Le 8 mars était la journée internationale de la femme. Le thème de cette année «Autonomisation des femmes – Autonomisation de l’humanité : Imaginez !» m’avait interpellé car, par un vieux reflexe, je réagis quand un accent fort est mis sur l’autonomie. Je crains que cela puisse cacher un manque de responsabilité ou signifier l’abandon d’un idéal de solidarité. Je m’en suis souvenu l’autre jour : une dame dans la quarantaine commença à pleurer dès le moment où je lui serrai la main dans la salle d’attente. Voici son histoire, tragique et malheureusement banale. Elle m’avait été adressée par un confrère, alerté par la répétition de plaintes inquiétantes concernant son mari violent, alcoolique et au chômage. La femme affirmait qu’il la frappait souvent ainsi que ses deux filles, de 7 et 13 ans. Je savais qu’elle venait de divorcer – après un calvaire d’hésitations, de revirements, de plaintes déposées et aussitôt retirées.

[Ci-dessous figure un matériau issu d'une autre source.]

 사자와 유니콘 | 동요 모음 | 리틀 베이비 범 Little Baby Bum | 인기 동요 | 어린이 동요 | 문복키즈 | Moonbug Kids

Elle me paraît d’emblée traversée, dans sa chair, par une horrible sensation de vide, de non-existence. Elle peine à en parler, mue comme elle l’est par la colère et le désespoir ; son corps, sa mimique exposent toute sa douleur. Je me sens concerné par la violence domestique et pris aux tripes par son récit. Puis de manière inattendue, presque en se ressaisissant, elle me lance qu’elle a divorcé parce que son médecin traitant le lui a fortement conseillé.
Ce n’est pas la première fois que je rencontre des situations analogues. Il est évident qu’une femme qui va voir régulièrement son médecin pour un état dépressif en se plaignant de violences conjugales – et qui accable son soignant par ses atermoiements – peut recevoir des tels encouragements.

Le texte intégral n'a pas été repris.